Piotr Rułkowski o Filipie Poźniaku: Tradycja pięściarstwa olimpijskiego w Augustowie
Poprosiliśmy o komentarz trenera Filipa, Piotra Rułkowskiego, założyciela augustowskiego klubu bokserskiego „Sztorm”.
-Podczas tej gali boksu zawodowego odbyły się trzy pojedynki pięściarstwa olimpijskiego. Prawdopodobnie w tych doniesieniach prasowych nie miał Pan o tym informacji, ponieważ media skupiły się na walkach boksu zawodowego. W dzisiejszych czasach tak to się zmieszało, że tak naprawdę ludzie nie są w stanie rozróżnić boksu zawodowego, gdzie liczą się tak naprawdę pieniądze i kontrakty telewizyjne, od tego sportu wyczynowego, który jest w programie igrzysk olimpijskich i to właśnie ten sport Filip dumnie i dzielnie reprezentuje.

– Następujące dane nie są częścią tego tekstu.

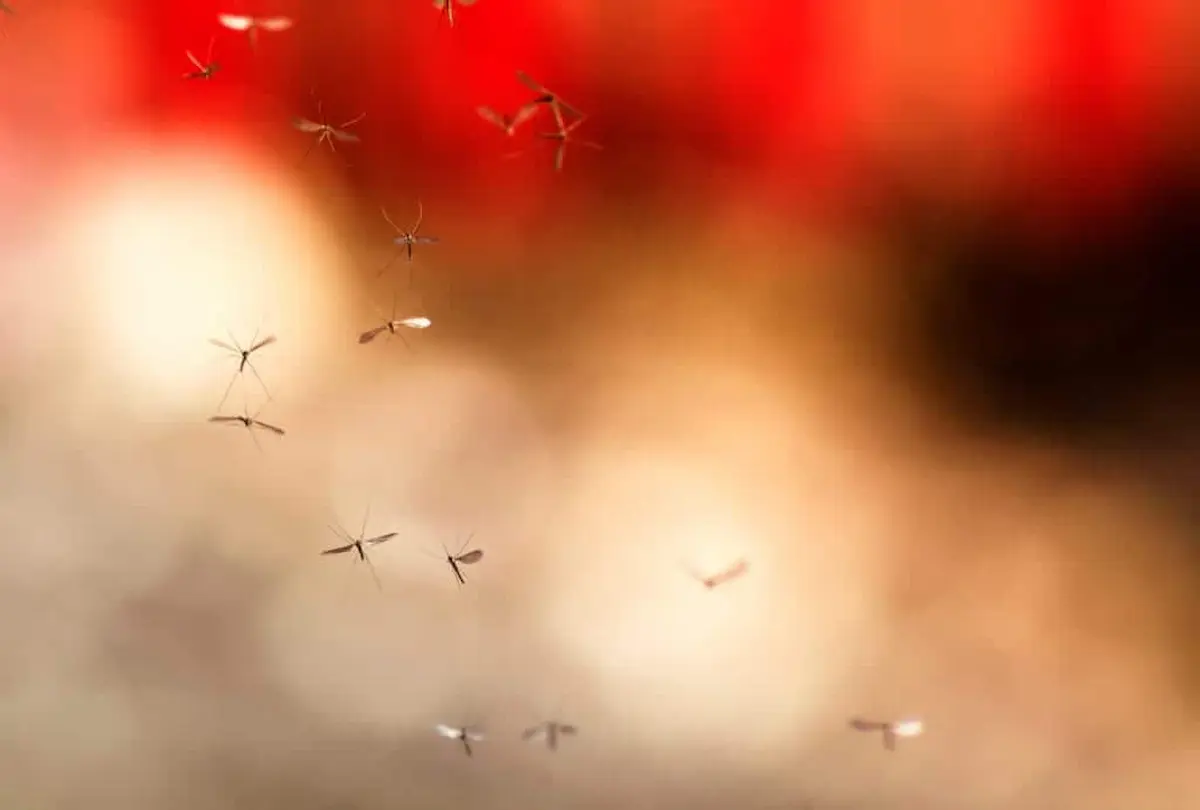 Swarm of mosquitoes flying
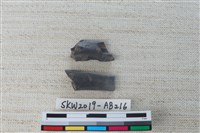 獸骨藏品圖，第1張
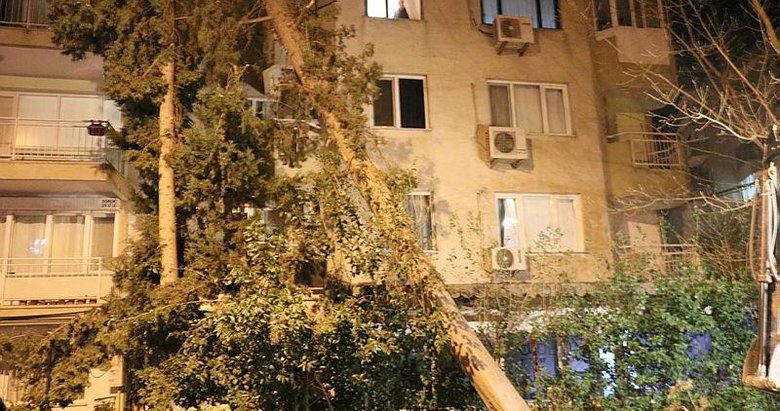 İzmir’de şiddetli rüzgar kabusu! Ağaçlar devrildi, çatılar uçtu, araçlar zarar gördü
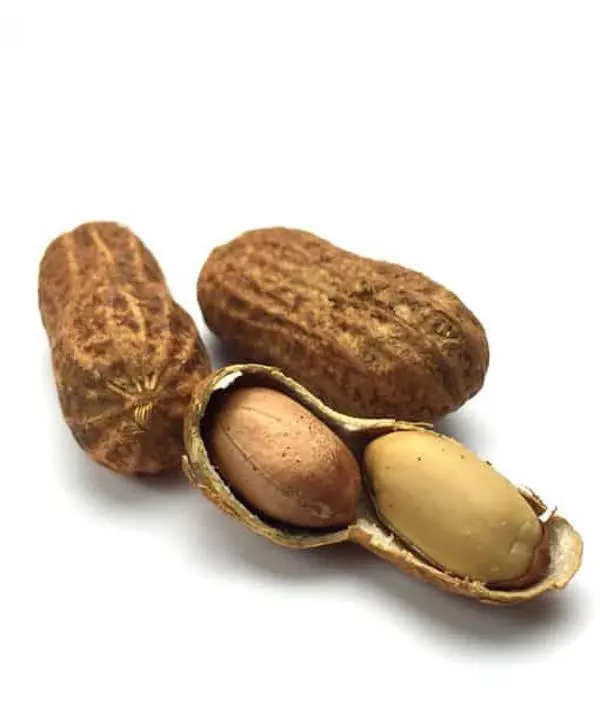 Nuts To You Southern Fried Salted Peanuts Eat them shell & all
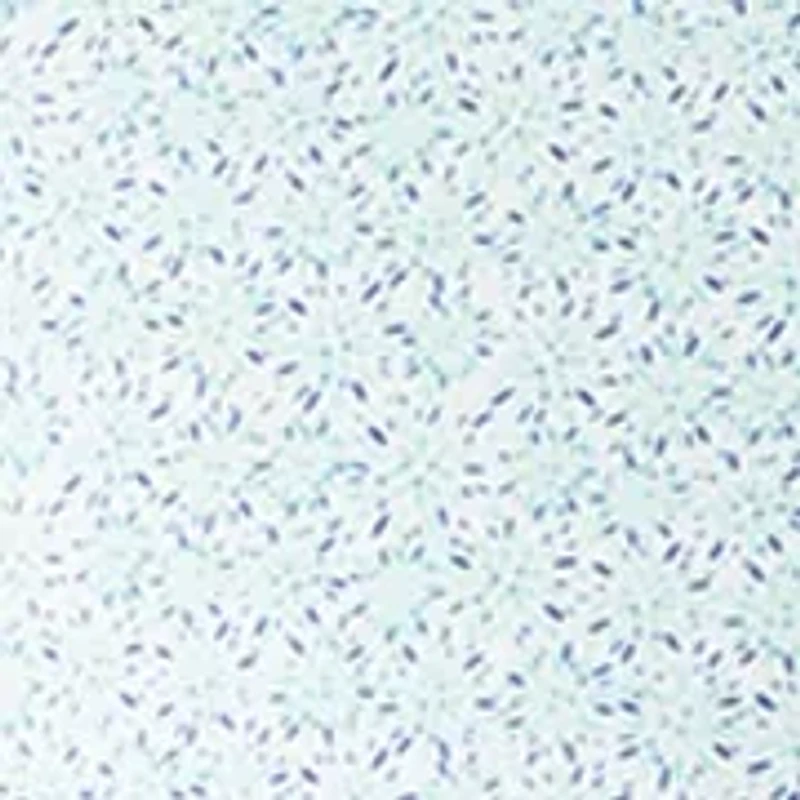 Men's Fireworks Print Polo Shirt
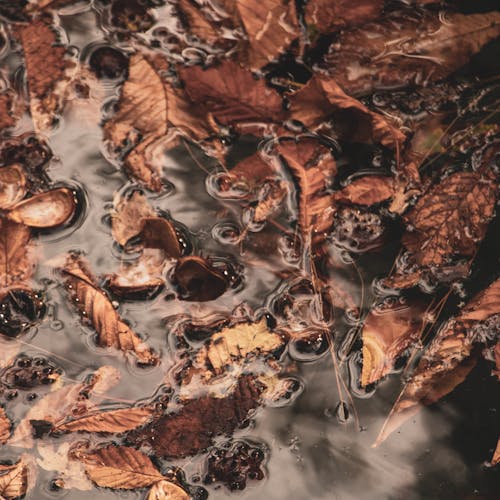 Autumn leaves floating in water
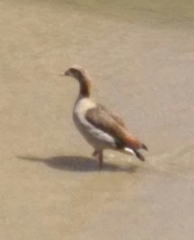 Alopochen aegyptiaca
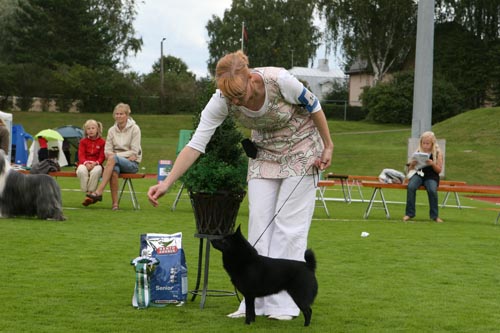 IMG_7582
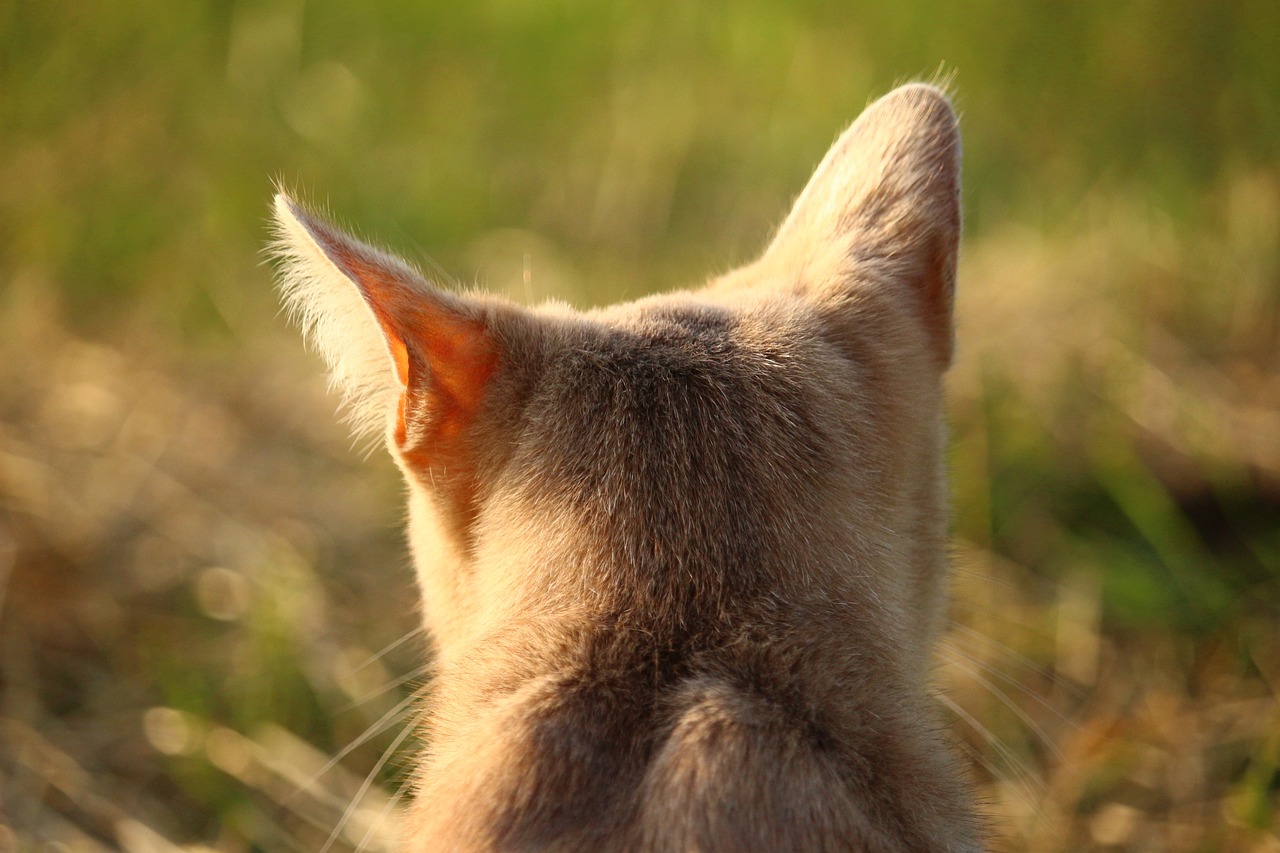 探索最新猫咪站点，共度美好萌宠时光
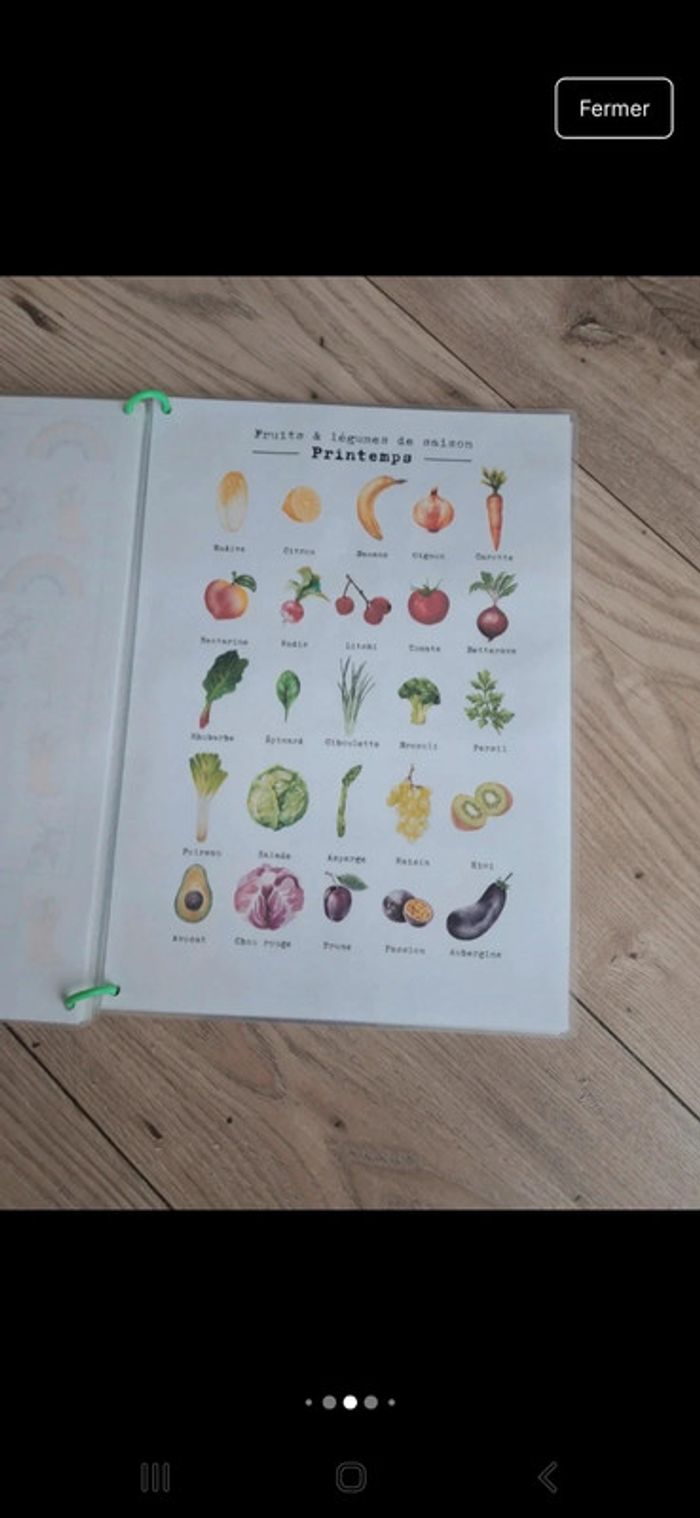 Livret d'activités thème printemps. Pédagogie montessori. Busy book quiet book - photo numéro 12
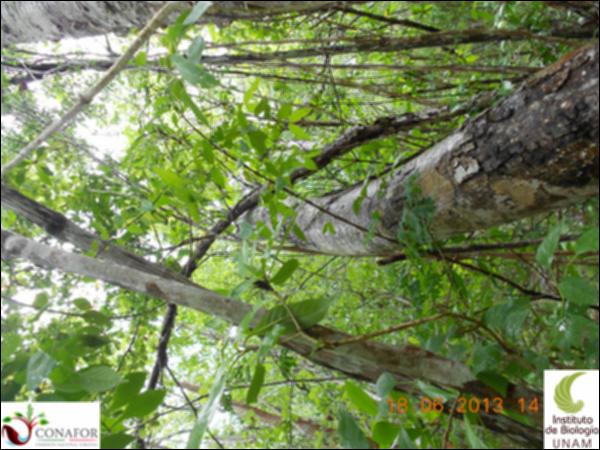 50962_S3_ARC_20130618_011_001.jpg.jpg
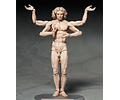(PEDIDO) figma Vitruvian Man - Table Museum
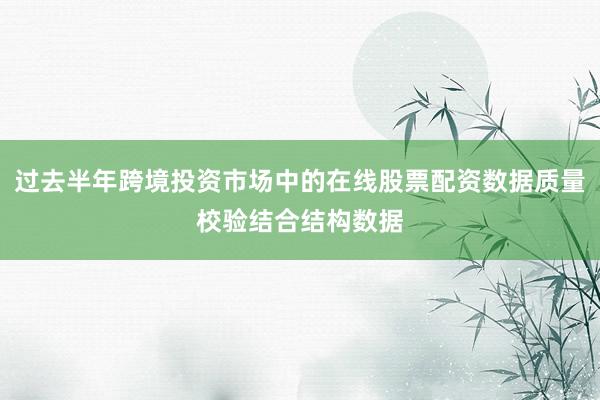 过去半年跨境投资市场中的在线股票配资数据质量校验结合结构数据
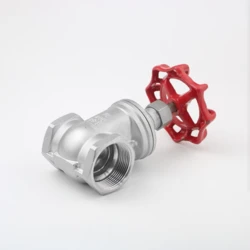 304 internal thread gate valve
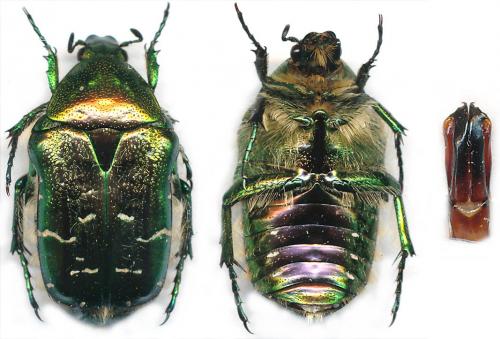 Réf. 87 573 : Cetonia aurata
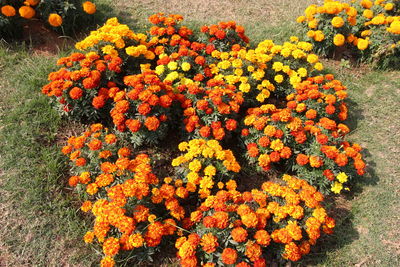 Close-up of marigold flowers blooming outdoors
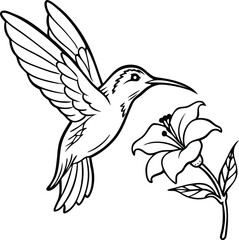 Elegant Hummingbird Illustration Line Art of a Hummingbird Hovering Near a Flower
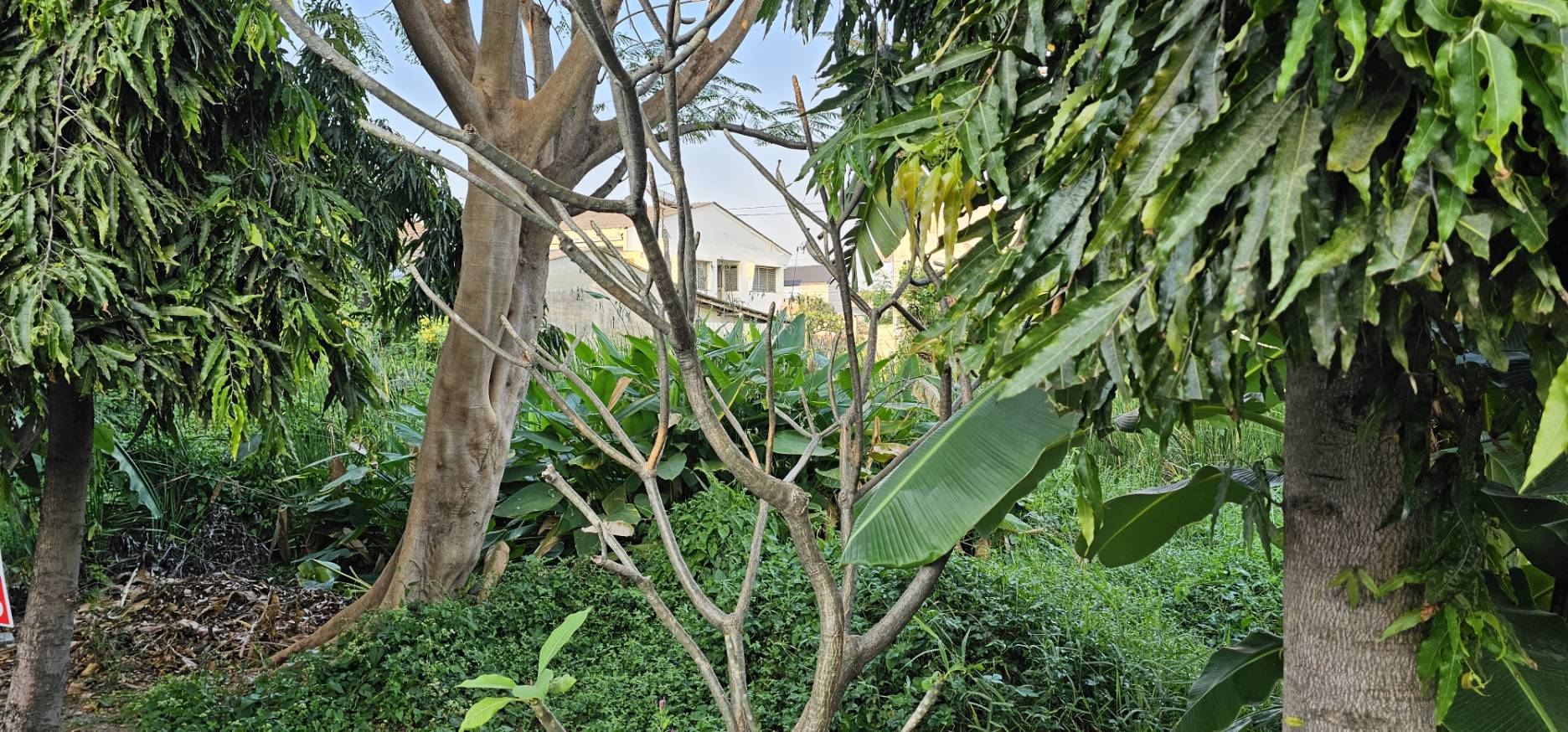 ขายด่วน ที่ดินเปล่า ทำเลทอง สวย ราคาถูกกว่าตลาด ขนาด 56 ตร.ว. ซ.สุขุมวิท 101 (ปุณณวิถี51)  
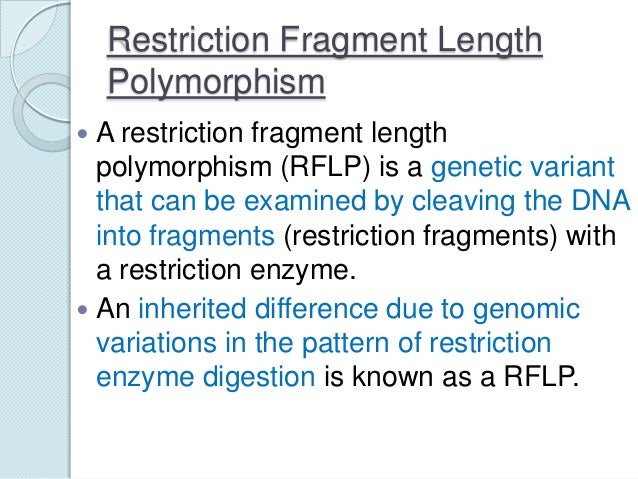 restriction fragment length polymorphism restriction fragment length polymorphism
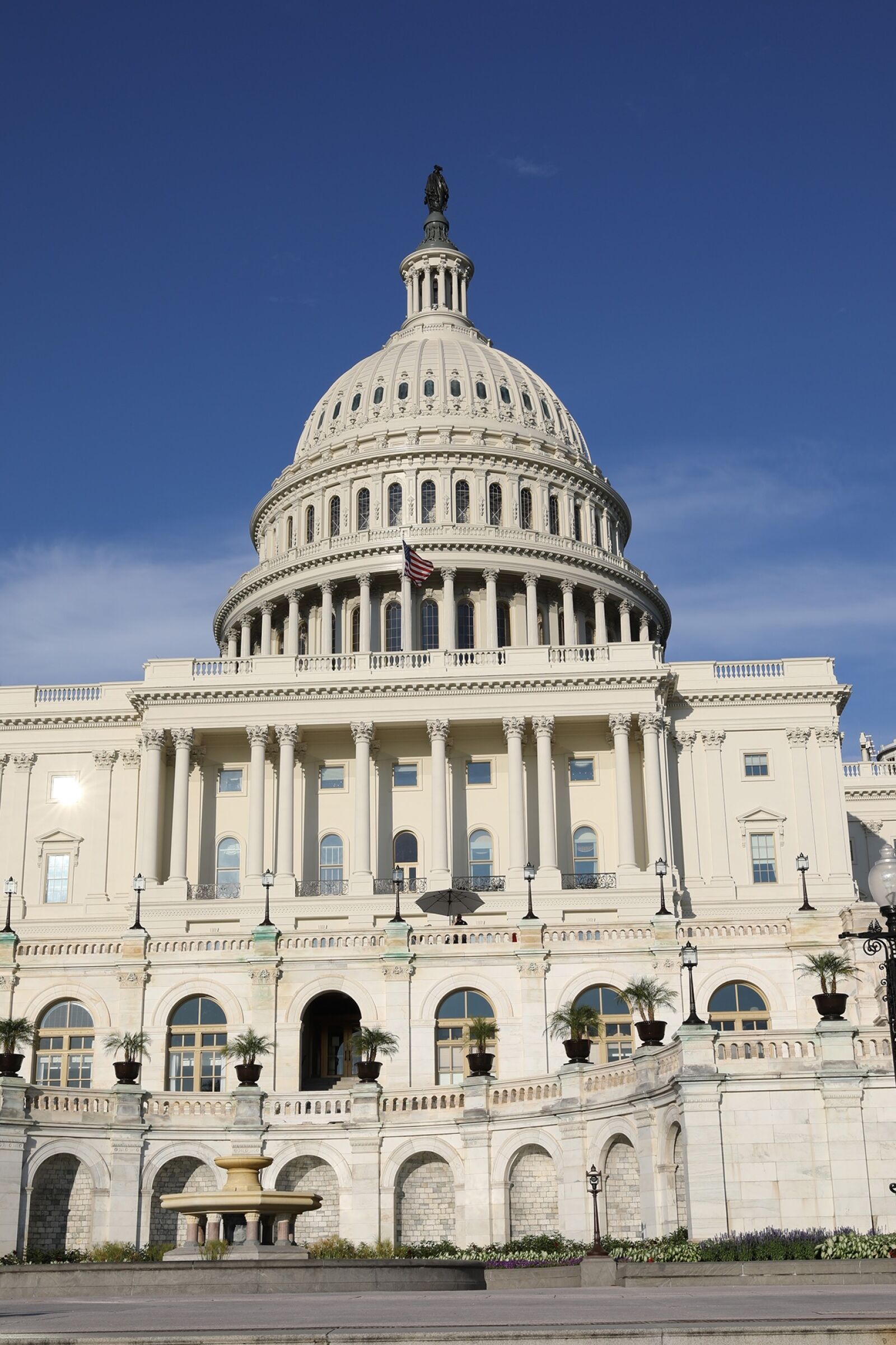 Canon EOS 5D Mark IV sample photo. Capital hill, dc, white photography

-Klub sportowy Sztorm-Augustów zajmuje się od lat pięściarstwem olimpijskim. Mieliśmy świetnych zawodników boksu olimpijskiego: Jerzy Kulej -dwukrotny złoty medalista olimpijski, Marian Kasprzyk, Józef Grudzień, można by wymieniać długo. Wielu z nich jest podopiecznymi śp. trenera Feliksa Sztama.
-Walkę komentował Przemysław Saleta, który jest ekspertem bokserskim. Był zachwycony występem Filipa, chwalił jego pracę nóg, jego mądrość boksu, taktykę, chwalił też narożnik. Dariusz Michalczewski wręczał nagrody tym młodym chłopcom co też było bardzo miłe. Z kolei jesteśmy bardzo wdzięczni promotorowi gali Dariuszowi Snarskiemu, gdyż tak naprawdę ci chlopcy zaczynają swoją przygodę z boksem. Filip Poźniak stoczył już 14 walk, był mistrzem woj. podlaskiego, mistrzem woj. mazowieckiego, brał udział w mistrzostwach Polski, a to był z kolei debiut telewizyjny. Uważam, że to spore sukcesy jak na jego wiek.
-Zobaczymy, jak to będzie w przyszłości, ale jak na razie nie mam żadnych zastrzeżeń co do Filipa, wręcz przeciwnie, naprawdę poświęca się temu co robi i trenuje bardzo sumiennie. Wydaje mi się, że to ciekawa promocja naszego pięknego miasta, bo też właśnie komentatorzy podkreślali, że świetnie zaprezentował się zawodnik z Augustowa. Było to też powiedziane przy werdykcie walki, gdzie tak naprawdę my to robimy swoim kosztem. Za ten wyjazd zapłaciłem sam, bo niestety nie jesteśmy wspierani przez jednostki samorządowe, robimy to po prostu z pasji i dla promocji pięściarstwa olimpijskiego dla tej młodzieży.
Za reprezentowanie Augustowa i na pewno za ogromną liczbę wyrzeczeń dziękujemy Filipowi. Życzymy dalszych sukcesów w tym szlachetnym sporcie, a jego trenerowi i klubowi życzymy chociaż niewielkiego wsparcia ze strony jednostek samorządowych, aby dalej mogli inwestować w rozwój swoich zawodników.